How about an honest "I realized our conversations are crossing boundaries married people shouldn't cross, so lets keep it strictly office friendly from now on."


----------



## personofinterest

MJJEAN said:


> How about an honest "I realized our conversations are crossing boundaries married people shouldn't cross, so lets keep it strictly office friendly from now on."


But then he couldn't keep disrespecting his wife. That's no fun.


----------



## sunsetmist

So, she immediately caught your eye--you mention this after talking about ups and downs and arguing. She knows you are/were interested and loves playing with you. All things considered, she should keep her dreams, flirts, and texts to herself.

Who brought the dream back up when texting back and forth? STOP the texting back and forth by the way--would you be comfortable with your WIFE interacting with another man like you are with co-worker? 

"Anyways, at work we flirt with each other and joke around but dont think anything of it. Since she told me about her dream (which I can only assume it was a sex dream) I cannot stop thinking about her. I dont know all of a sudden someone who I can forget about easily, I cant now, get out of my head."

You are on your way to an EA if not worse. Flirting back and forth --aaarrrggh! You think about it so much you can't get her out of your mind. Work sure would not be fun if you are working just for child support and alimony. 

Married men--faithful married men--choose to extinguish dangerous thoughts about other women--they happen, you are human--not fan the flames.

I have an idea! Why don't you discuss this problem with your wife--who works hard taking care of your house and three young children? Bet she has some good ideas...


----------



## Workingman01

Thank you everyone for your input thus far.

My original post was incomplete.

A little more back story about my relationship with my wife.

In the early stages of our relationship, my wife cheated on me.

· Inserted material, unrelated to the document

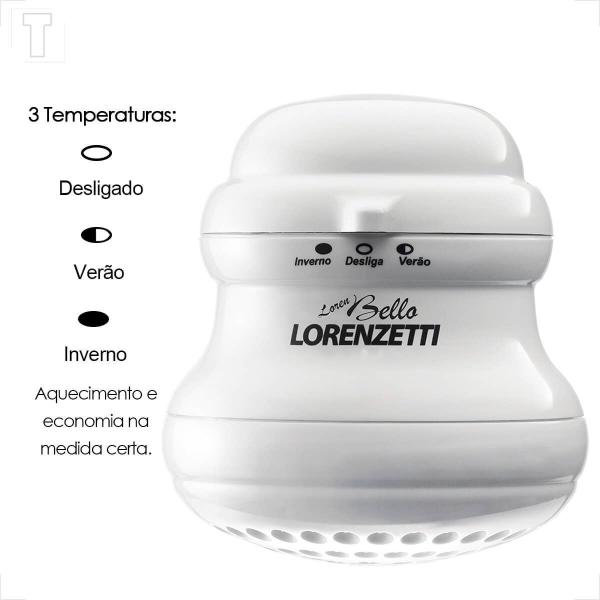 Imagem de Chuveiro lorenzetti loren bello branco com cano 127v 5500w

Seeing that we were very young that time, I brushed it off seeing that it was never sexual between her and the guy she was seeing (to my knowledge). About 5 years go by and her father got into a serious accident in which she flew home to be there for her family. When she returned from her trip she informed me that she slept with two different men while she was away. She felt very bad and the pain within her from what had happened to her father, I couldn't break anything off. We worked through that difficult time and I never thought about "getting back at her" or anything of that nature.

A few years go by and things seemed to be looking up. We end up having three children and getting married. After getting married, things changed. She began using drugs and hanging out with her friends late into the night (when the kids weren't home). 

I found out about the drugs when I purchased a car with a GPS tracker already installed from the previous owner. (The vehicle was a highly sought after car at the time). So while playing with the App for the GPS, I noticed my car far from where my wife said she said she was. I ended up calling her and asking where she was. She said she was in town running errands. When I told her about the GPS, she hung up on me and ignored my calls. When she finally came home, I asked where she had been. She confessed that she was with her cousin doing drugs and buying. At that time I was ready to walk out the door but in order for me to help her, I would need to stick it out 

We spoke about stopping the drugs and alcohol and as of this day, she has been clean. 

Throughout this entire relationship I have been faithful and supportive both financially and emotionally.

Recently we had a conversation in which she mentioned she wanted to divorce me because I dont show her much affection. I told her that I would switch up the routine in order to make things better.

Things have been "ok" but not the greatest. As mentioned before she have been together since high school. All we know is each other. 

Now over a decade later, I run into this situation 

Would you have left a long time ago?

Would you have stricken it out like I have?

Is your response from earlier the same now?


----------



## sunsetmist

My response is that trickle truth is unfortunate since time and effort are spent to try to help.

Since you think your wife is a drug abusing, cheater does that make a difference with regard to the affair you have been planning? Not to me..if you want a new honey divorce the wife then start looking. Same goes for her...


----------



## SunCMars

She cheated three times, uses drugs, buys them on your dime.

And yes, most drug users have no defense left for advances. When a person is high, their moral and boundaries go low, fall away.

She is a serial cheat, she was still cheating while using. The body count in men is likely much higher than three, you not counted. 

...........................................................................................................................................

Divorce her. Now is the best time since she has been 'clean' for some time.

She is clean, only if you are wearing heavy duty sunglasses.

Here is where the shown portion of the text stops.